Trump Likely Broke the Law in GA Call
Although prosecution and conviction are unlikely.
“It seems to me like what he did clearly violates Georgia statutes,” said Leigh Ann Webster, an Atlanta criminal defense lawyer, citing a state law that makes it illegal for anyone who “solicits, requests, commands, importunes or otherwise attempts to cause the other person to engage” in election fraud.
At the federal level, anyone who “knowingly and willfully deprives, defrauds or attempts to deprive or defraud the residents of a state of a fair and impartially conducted election process” is breaking the law.
Law Professor Rich Hasen, writing for Slate, concurs that Donald Trump Should Be Prosecuted for His Shakedown of Georgia’s Brad Raffensperger.
Aside from being impeachable conduct, Trump’s actions likely violate federal and Georgia law. A federal statute makes it a crime when one “knowingly and willfully … attempts to deprive or defraud the residents of a State of a fair and impartially conducted election process, by … the procurement, casting, or tabulation of ballots that are known by the person to be materially false, fictitious, or fraudulent under the laws of the State in which the election is held.” A Georgia statute similarly provides that a “person commits the offense of criminal solicitation to commit election fraud in the first degree when, with intent that another person engage in conduct constituting a felony under this article, he or she solicits, requests, commands, importunes, or otherwise attempts to cause the other person to engage in such conduct.”
Hasen, notes, however,
The hard part for prosecutors would be proving Trump’s state of mind, because the statutes require proof of knowledge and intent.

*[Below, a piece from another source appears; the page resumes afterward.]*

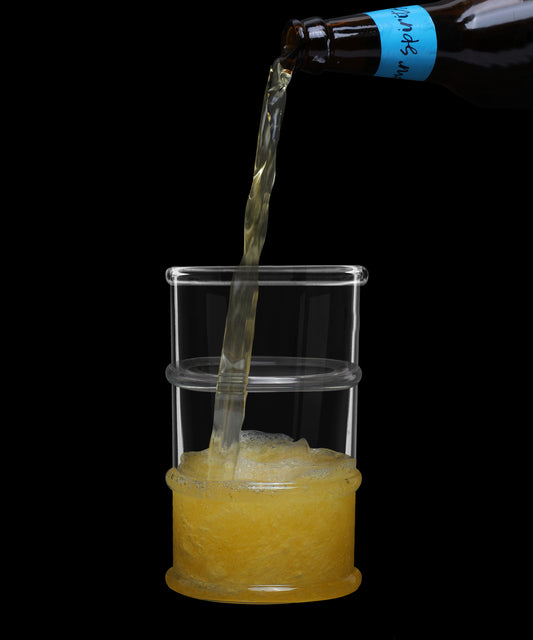 G-32 DRUM BARREL BEER GLASS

Prosecutors would have to show that Trump knew that Biden fairly won the election, and Trump was asking for Georgia officials to commit election fraud. And it’s not clear prosecutors could make that case.
Trying to prove that Trump knows or understands anything would be quite the challenge. Indeed, I have seen supporters defend this clear attempt at subverting the election as Trump just saying what he believes.
Several attorneys interviews for the NYT piece linked above concur:
Matthew T. Sanderson, a Republican election lawyer who has worked on several presidential campaigns — including those of Senator Rand Paul of Kentucky and Rick Perry, the former Texas governor — said that while it did appear that Mr. Trump was trying to intimidate Mr. Raffensperger, it was not clear that he violated the law.
Lacking additional clear evidence of Mr. Trump’s intent to follow up on any apparent threat, including the potential criminal charges he suggested Mr. Raffensperger or his office might face, Mr. Sanderson said, “Ultimately, I doubt this is behavior that would be prosecuted.”
Michael R. Bromwich, a former Justice Department inspector general and lawyer who represented clients that have been critical of Mr. Trump, said he believed Mr. Trump violated federal law.
But the meandering nature of the phone call and the fact that the president made no apparent attempt to conceal his actions as other call participants listened could allow Mr. Trump to argue that he did not intend to break the law or to argue that he did not know that a federal law existed apparently prohibiting his actions.
The federal law would also most likely require that Mr. Trump knew that he was pushing Mr. Raffensperger to fraudulently change the vote count, meaning prosecutors would have to prove that Mr. Trump knew he was lying in asserting that he was confident he had won the election in Georgia.
“It is unlikely federal prosecutors would bring such a case,” Mr. Bromwich said. “But it certainly was god awful and unbelievable. But prosecuting a federal crime is obviously a very different thing.”
Hasen argues that the long odds should not deter prosecutors if anything because of the seriousness of the offense. Likewise, he thinks Trump should be impeached and his right to hold further federal office should be taken away:
Despite the long odds, I would hope at least Georgia prosecutors will consider going after Trump, or that the House of Representatives might impeach him again with the goal of disqualifying from running in 2024. Lack of prosecution or investigation demonstrates that there’s little to deter the next would-be authoritarian—perhaps a more competent one—from trying to steal an election. Trump came a lot closer than he should have this time, and next time we may not be so lucky.
I concur with the sentiment. I actually do hope there is a prosecution, but I would not bet on it. Likewise, he should be impeached and barred from holding federal office, but I can’t see that Republicans in the Senate voting to convict, despite this blatant attempt to suborn voter fraud.